Remaining estimated time for fetching data from 0 URLs: 0.00 seconds......

In [5]:
# Create an empty DataFrame
dict_list = []

# loop through the data_list and extract the required data for each item
for data in data_list:
    # create an empty dictionary to store the data for this item
    dict_data = {}

    # check if '_links' and 'self' keys are in the data dictionary
    if '_links' in data and 'self' in data['_links']:
        # add the href value to the dictionary under the name 'url_id'
        dict_data['url_id'] = data['_links']['self'].get('href', None)
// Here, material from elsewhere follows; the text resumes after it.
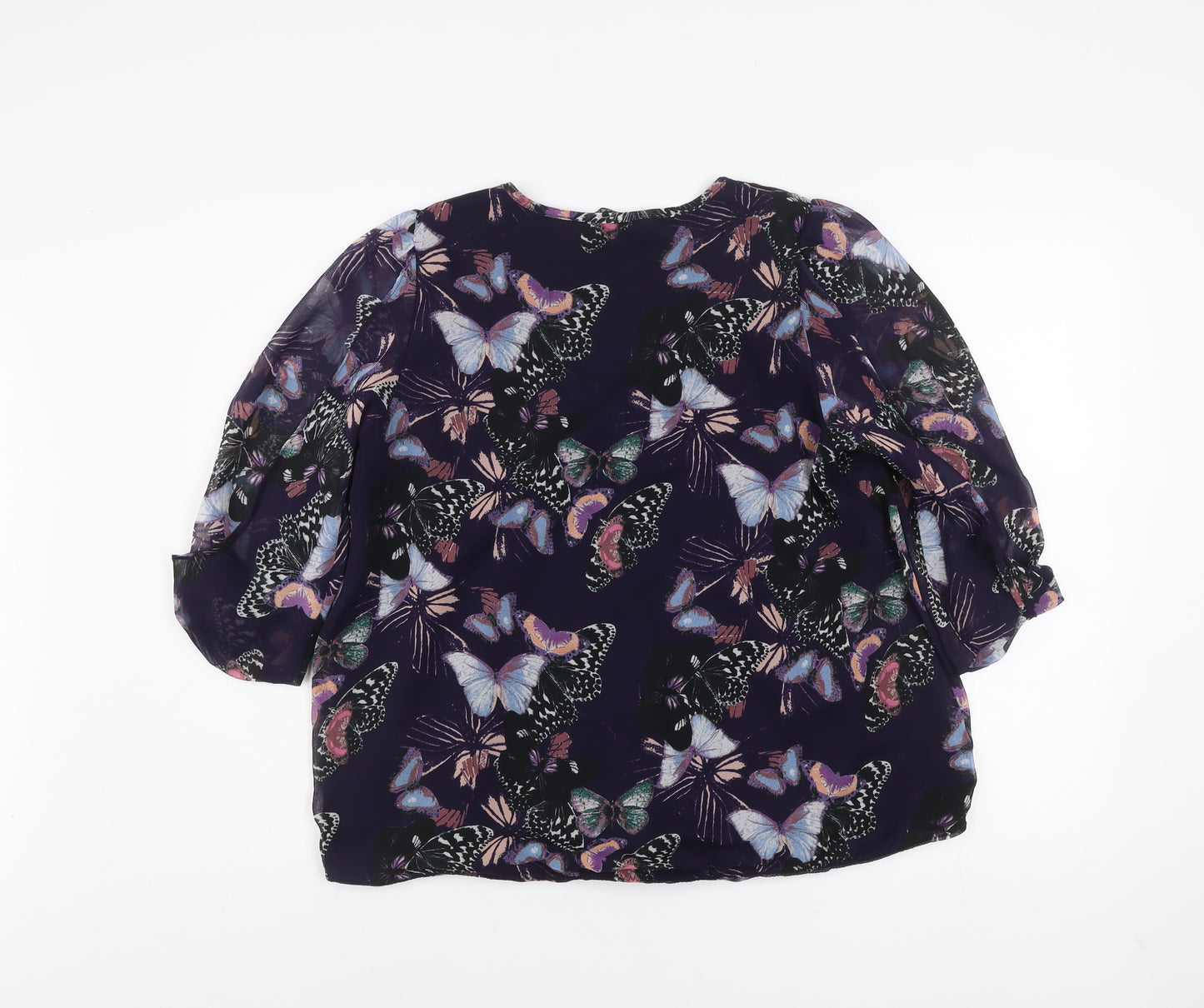 Dunnes Women’s Purple Butterfly Print Chiffon Blouse Size 14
    # check if 'items' key is in the data dictionary
    if 'items' in data:
        # extract the required data for this item
        for item in data['items']:
            # add the value to the corresponding key in the dictionary
            dict_data[item['name']] = item['value']

    # check if 'map' key is in the data dictionary
    if 'map' in data:
        # add the latitude and longitude to the dictionary
        dict_data['Latitude'] = data['map'].get('lat', None)
        dict_data['Longitude'] = data['map'].get('lon', None)
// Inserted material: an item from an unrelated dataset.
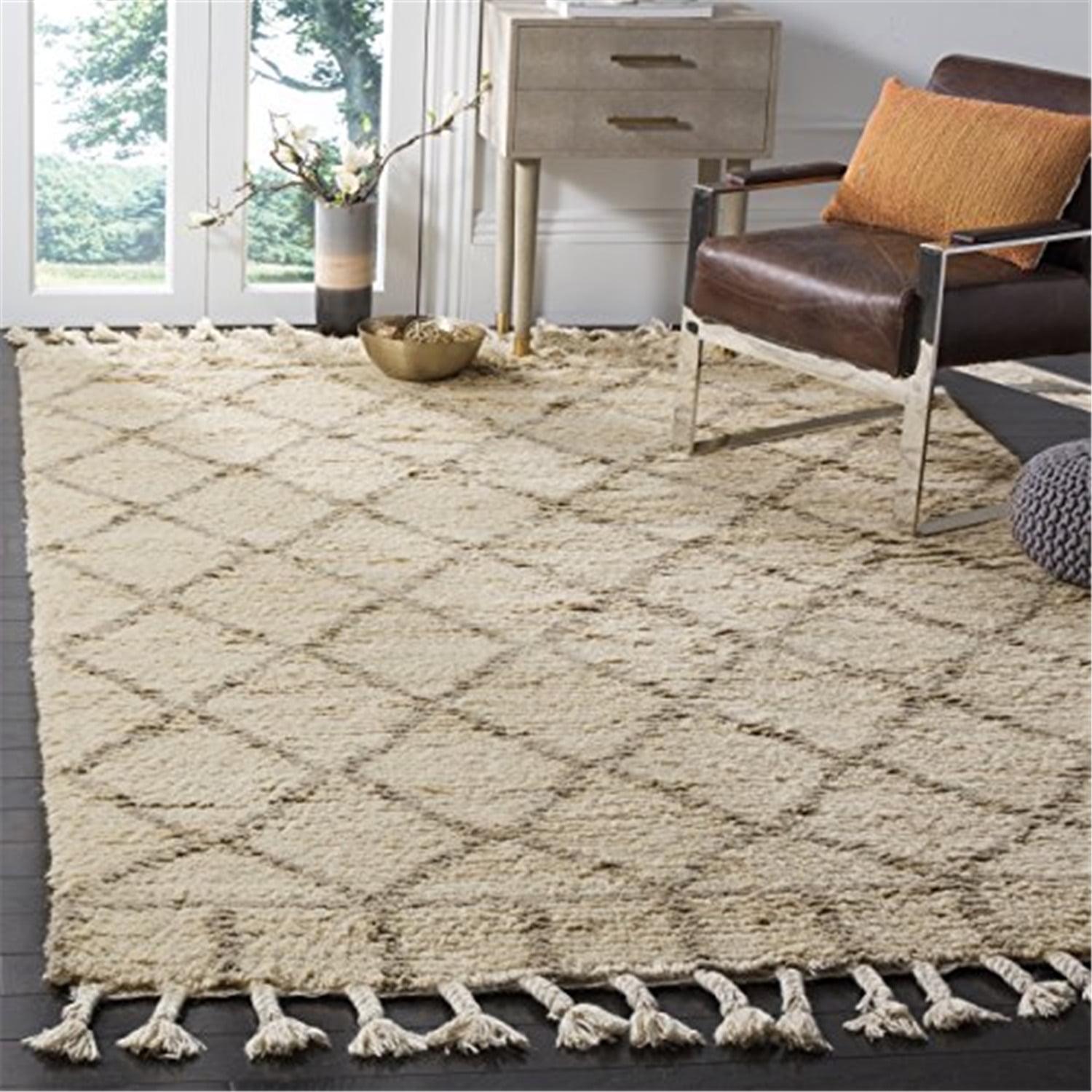 Foundry Select Calsbeck Geometric Handmade Wool Ivory/Grey Area Rug | Wayfair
    # check if there are any 'poi' items in the data
    if 'poi' in data:
        # loop through each 'poi' item
        for poi in data['poi']:
            # add the distance to the dictionary under the name of the poi
            # note that this will create a new column for each unique poi name
            dict_data[poi['name']] = poi['distance']

    # append the dictionary to the list
    dict_list.append(dict_data)

# convert the list of dictionaries to a DataFrame
df = pd.DataFrame(dict_list)

df.head()


Unnamed: 0,url_id,Celková cena,ID zakázky,Aktualizace,Stavba,Stav objektu,Vlastnictví,Umístění objektu,Podlaží,Užitná plocha,...,Datum konání dražby,Dražební vyhláška,Posudek znalce,Velikost podílu,Velikost podílu společných prostor,Počet vlastníků,Minimální kupní cena,Termín 1. prohlídky,Termín 2. prohlídky,Plocha bazénu
0,/cs/v2/estates/847426892,4 168 000,202356.0,Dnes,Panelová,Po rekonstrukci,Osobní,Klidná část obce,6. podlaží,53,...,,,,,,,,,,
1,/cs/v2/estates/1687311436,5 673 000,,Dnes,Cihlová,Po rekonstrukci,Osobní,,1. podlaží,156,...,,,,,,,,,,
2,/cs/v2/estates/461526092,5 410 000,,Dnes,Cihlová,Po rekonstrukci,Osobní,,1. podlaží,125,...,,,,,,,,,,
3,/cs/v2/estates/741217356,4 585 000,,Dnes,Cihlová,Novostavba,Osobní,Klidná část obce,5. podlaží z celkem 5,101,...,,,,,,,,,,
4,/cs/v2/estates/63538508,3 632 000,142.0,Dnes,Skeletová,Velmi dobrý,Osobní,Klidná část obce,3. podlaží z celkem 4,52,...,,,,,,,,,,


In [6]:
filename = f'{get_today_date()}_data.csv'
df.to_csv(filename, index=False)